As opponents see it, the ban on openly gay service personnel is indeed
irrational—as preposterous as racial segregation in the military, which was
once defended in terms of military necessity but then discredited and
“The unit cohesion argument is a worn-out stereotype,” said David
Sheldon, a Washington lawyer who represents gay service members.
Sheldon’s client Steve Loomis, a former Army lieutenant colonel
discharged eight days shy of his 20-year retirement date, has launched the
first Lawrence-based lawsuit against “don’t ask, don’t tell,” seeking
to recoup $1.1 million in lost pension benefits. The suit says that the policy
is “not rationally related to any legitimate government interest.”
Loomis, who received two Bronze Stars and a Purple Heart as an infantry
platoon leader in Vietnam, sees his career as evidence that homosexuality is
no inherent threat to military proficiency. He said he was a victim of “an
institutional predisposition and bias against gays in the military,” as
demonstrated by the fact that three members of the board that ruled on his
case publicly expressed revulsion toward homosexuality.
But he also acknowledges that, if he wins his case in the U.S. Court of
Federal Claims in Washington, it could be because of issues such as the
alleged bias of the board—not necessarily his Lawrence-related claims.
A direct ruling on Lawrence’s applicability to “don’t ask, don’t
tell” probably awaits a case that exclusively presents the constitutional
issues, and lawyers say such challenges are being prepared.
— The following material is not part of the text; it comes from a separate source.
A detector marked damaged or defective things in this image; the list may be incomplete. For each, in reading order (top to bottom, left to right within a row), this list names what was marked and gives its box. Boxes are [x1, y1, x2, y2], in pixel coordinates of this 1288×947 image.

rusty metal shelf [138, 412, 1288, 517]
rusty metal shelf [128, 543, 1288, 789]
“We are headed toward a showdown on whether or not it is a military
necessity,” Sheldon said. “The issue will define itself within a few
years, and it could be a Supreme Court case.”
But Loomis is also challenging the military’s sodomy statute, known as
Article 125 of the Uniform Code of Military Justice, as a violation of
Lawrence. Article 125 prohibits “unnatural carnal copulation with another
person of the same or opposite sex or with an animal.” Though rarely
enforced, Article 125 has been used to court-martial soldiers for consensual
acts, both homosexual and heterosexual.
Loomis’s suit says that even though he was never prosecuted for sodomy,
an Army criminal investigation of his alleged violations of Article 125 led to
his expulsion from the ranks for being gay. Lawyers consider that law a more
vulnerable target than “don’t ask, don’t tell” after Lawrence.
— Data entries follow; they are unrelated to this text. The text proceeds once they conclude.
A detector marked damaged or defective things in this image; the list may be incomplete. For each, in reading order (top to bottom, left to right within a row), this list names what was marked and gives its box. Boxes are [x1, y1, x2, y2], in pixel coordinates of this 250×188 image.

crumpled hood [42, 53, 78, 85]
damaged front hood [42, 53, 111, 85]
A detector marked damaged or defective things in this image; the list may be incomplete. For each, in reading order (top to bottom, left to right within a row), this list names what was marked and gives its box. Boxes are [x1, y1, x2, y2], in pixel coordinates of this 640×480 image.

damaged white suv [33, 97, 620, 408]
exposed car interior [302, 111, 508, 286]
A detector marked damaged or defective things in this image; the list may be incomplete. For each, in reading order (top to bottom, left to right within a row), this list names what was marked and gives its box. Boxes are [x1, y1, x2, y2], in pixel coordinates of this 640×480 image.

“The Article 125 case is a better case,” said Matt Coles, director of
the gay rights project of the American Civil Liberties Union. “The question
for the military is a tough one: ‘What interest do you have in regulating
private consensual activity?’”
In a separate case, Army Pvt. Anthonynoel Meno was recently given a
bad-conduct discharge and reduction in pay for allegedly engaging in
consensual sodomy with a female soldier.
His appeal was rejected by the U.S. Army Court of Criminal Appeals, but
after the Supreme Court issued its ruling in Lawrence, Lt. Col. Robert D.
Teetsel, the chief of the Army defense counsel appellate division, asked the
court to reconsider the case.
The U.S. Court of Appeals for the Armed Forces, the highest military
appeals court, upheld Article 125 in a case of consensual heterosexual oral
sex in 1992, citing Bowers.
Because of Lawrence, that court may ultimately have to revisit the
question, Teetsel said, adding that among military defense lawyers, “we’re
all jostling in the different services to get a case to them.”
In a sign that the Defense Department itself may question the viability of
Article 125, Pentagon general counsel Charles Haynes has instructed the Joint
Service Committee on Military Justice, a body of military lawyers known as
judge advocates general, to review Article 125 in light of Lawrence, a
Pentagon official said.
The review, to be completed by the end of the year, could result in
recommendations to Congress for changes in the law, the official said.
On July 9, Rep. Barney Frank (D-Mass.) proposed a bill that would amend
Article 125 to decriminalize consensual sexual activity between adults.